Machine learning projects require collaborative effort among team members with specialized knowledge and skills covering three major areas of work: understanding the business, designing the analytics solution, and getting the datasets ready for training and deployment.

While each area has its own focus, team members need to understand each other's work so as to be able to communicate and coordinate effectively to achieve project goals. Thus the GR4ML framework is organized into three sub-models (also introduced in the introduction and toy example pages), the Business View, the Analytics Design View, and the Data Preparation View.

Organizing modeling concepts into these views serves as a means for dealing with the complexity of analytics solutions, enhancing collaboration and clarity, and for managing the diversity of skillsets and roles required in such projects. These views, while representing different aspects and serving different purposes, are linked to each other to bridge the gap between business goals, machine learning algorithms, and data stores.

Business View

The Business View aims to (1) facilitate the elicitation and clarification of ML requirements in business contexts, (2) support analysis of those requirements (e.g., prioritization), and (3) ensure the alignment of business and analytics strategies. The main modeling elements are Actors, Strategic Goals, Indicators, Decision Goals, Question Goals, and Insights.

Strategic Goals symbolize business objectives and strategies. Indicators represent numeric metrics that measure performance with regard to some objectives. Decision Goals represent situations where an Actor needs to select one option among a set of possibilities. They symbolize the decisions that are (or will be) supported by the ML system.
Simplified metamodels for a business view, b analytics design view, and c data preparation view
Question Goals represent the "needs-to-know" of the Actors during decision processes. For each Question Goal the Type, Topic, Tense, and Frequency attributes are specified. Question Type denotes the question phrase (what, who, when, where, why, how). Question topic captures the focus of analysis and reveals related parts of enterprise data stores for the problem at hand. Question Tense (past, present, future) represents the temporal aspect of the focus of the analysis. In many cases, specifying the tense facilitates finding a family of analytics techniques that is most relevant to the business needs.

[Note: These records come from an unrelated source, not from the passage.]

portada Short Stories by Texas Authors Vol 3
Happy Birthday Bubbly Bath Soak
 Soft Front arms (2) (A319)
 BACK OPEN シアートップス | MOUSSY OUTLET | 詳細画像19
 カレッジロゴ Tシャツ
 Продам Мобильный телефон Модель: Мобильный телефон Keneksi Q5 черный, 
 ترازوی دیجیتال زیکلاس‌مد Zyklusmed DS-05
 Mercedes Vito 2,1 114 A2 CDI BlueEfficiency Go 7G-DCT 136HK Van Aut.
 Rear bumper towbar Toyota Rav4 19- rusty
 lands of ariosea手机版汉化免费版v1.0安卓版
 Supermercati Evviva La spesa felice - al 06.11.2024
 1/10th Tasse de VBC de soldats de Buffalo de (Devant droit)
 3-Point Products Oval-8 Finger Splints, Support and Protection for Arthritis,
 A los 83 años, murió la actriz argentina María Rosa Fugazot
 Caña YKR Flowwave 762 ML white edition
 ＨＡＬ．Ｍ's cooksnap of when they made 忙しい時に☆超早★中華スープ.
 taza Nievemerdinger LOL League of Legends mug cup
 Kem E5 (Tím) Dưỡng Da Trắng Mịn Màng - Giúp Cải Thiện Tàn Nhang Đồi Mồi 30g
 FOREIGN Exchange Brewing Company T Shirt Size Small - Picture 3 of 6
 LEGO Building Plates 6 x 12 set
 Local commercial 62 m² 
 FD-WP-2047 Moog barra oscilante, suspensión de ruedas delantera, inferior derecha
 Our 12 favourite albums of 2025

Question Frequency indicates how frequent the corresponding actors need an answer for the Question Goal. Insight elements characterize the kinds of patterns and findings that answer the Question Goals. For each insight element the Type, Input, Output, Usage Frequency, Update Frequency, and Learning Period attributes are defined. These attributes support translating the business questions into data mining problems.

Analytics Design View

The Analytics Design View aims to (1) support exploration of alternate approaches for the analytical problem at hand, (2) facilitate design of (machine learning) experiments and identifying trade-offs, and (3) support algorithm selection and monitoring their performance over time. The main modeling elements are Analytics Goals, Algorithms, Softgoals, and Influences (see section (b) of the figure above).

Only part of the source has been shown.